Hypercapnic acidosis (HCA) that accompanies lung-protective ventilation may be considered permissive (a tolerable side effect), or it may be therapeutic by itself. Cardiovascular effects may contribute to, or limit, the potential therapeutic impact of HCA; therefore, a complex physiological study was performed in healthy pigs to evaluate the systemic and organ-specific circulatory effects of HCA, and to compare them with those of metabolic (eucapnic) acidosis (MAC).

Methods

In anesthetized, mechanically ventilated and instrumented pigs, HCA was induced by increasing the inspired fraction of CO₂ (n = 8) and MAC (n = 8) by the infusion of HCl, to reach an arterial plasma pH of 7.1. In the control group (n = 8), the normal plasma pH was maintained throughout the experiment.

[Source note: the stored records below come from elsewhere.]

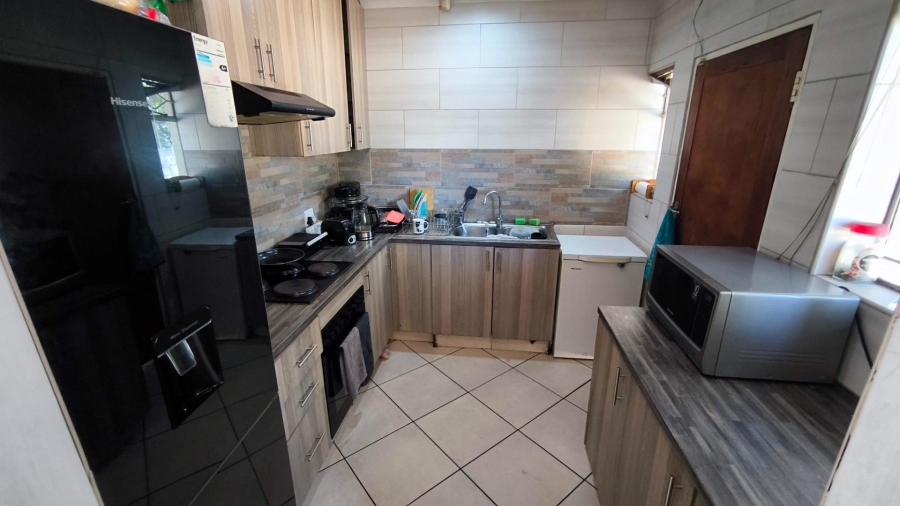 3 Bedroom Property for Sale in Brackenhurst Gauteng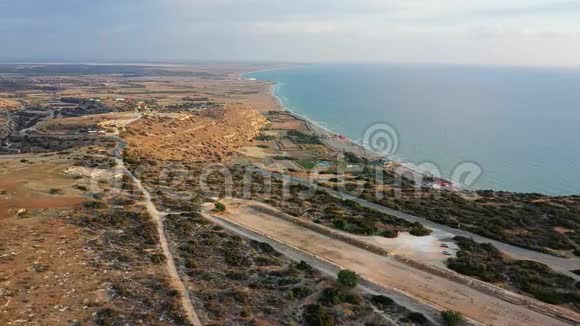飞越Episkopi湾和Kourion体育场和考古遗址塞浦路斯利马索尔区视频的预览图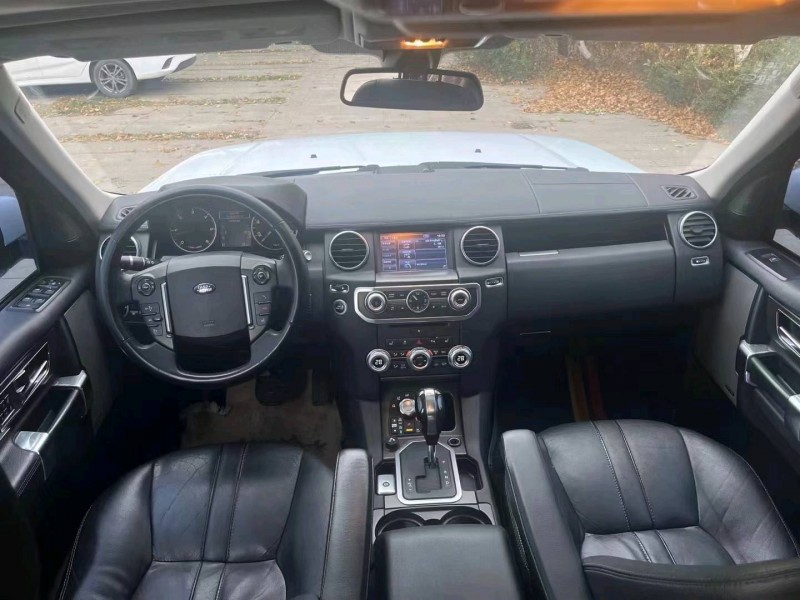 青岛12年路虎发现5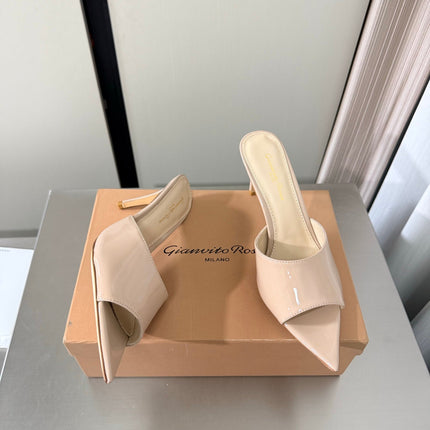 GIANVITO ROSSI 26S POINTED-TOE SANDALS 90 MM IN BEIGE PATENT CALFSKIN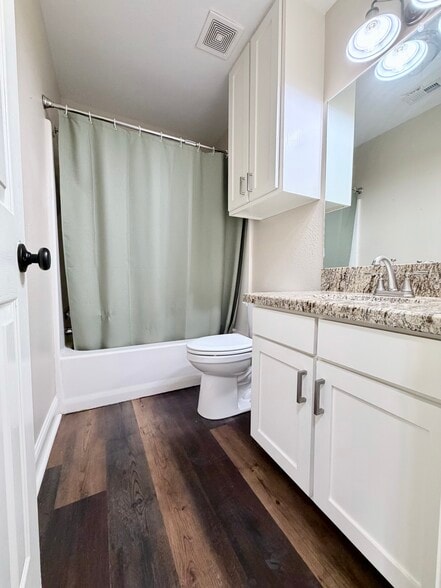 Building Photo - 237 Nederland Ave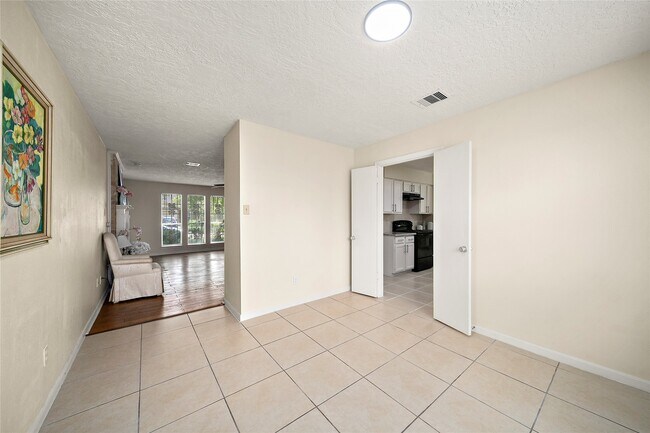 Building Photo - 10718 Nobility Dr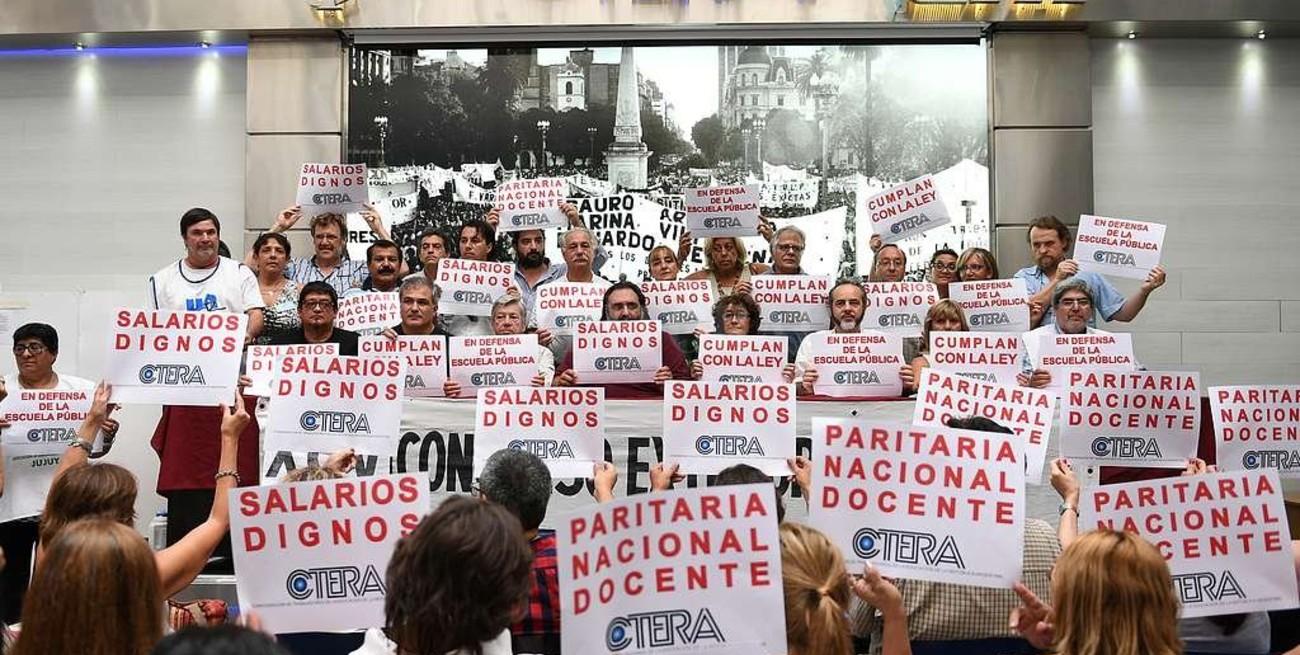 Docentes confirmaron un paro de 48 horas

Hemodynamic parameters, including regional organ hemodynamics, blood gases, and electrocardiograms, were measured in vivo. Subsequently, isometric contractions and membrane potentials were recorded in vitro in the right ventricular trabeculae.

Results

HCA affected both the pulmonary (increase in mean pulmonary arterial pressure (MPAP) and pulmonary vascular resistance (PVR)) and systemic (increase in mean arterial pressure (MAP), decrease in systemic vascular resistance (SVR)) circulations. Although the renal perfusion remained unaffected by any type of acidosis, HCA increased carotid, portal, and, hence, total liver blood flow. MAC influenced the pulmonary circulation only (increase in MPAP and PVR). Both MAC and HCA reduced the stroke volume, which was compensated for by an increase in heart rate to maintain (MAC), or even increase (HCA), the cardiac output. The right ventricular stroke work per minute was increased by both MAC and HCA; however, the left ventricular stroke work was increased by HCA only. In vitro, the trabeculae from the control pigs and pigs with acidosis showed similar contraction force and action-potential duration (APD). Perfusion with an acidic solution decreased the contraction force, whereas APD was not influenced.

Conclusions

MAC preferentially affects the pulmonary circulation, whereas HCA affects the pulmonary, systemic, and regional circulations. The cardiac contractile function was reduced, but the cardiac output was maintained (MAC), or even increased (HCA). The increased ventricular stroke work per minute revealed an increased work demand placed by acidosis on the heart.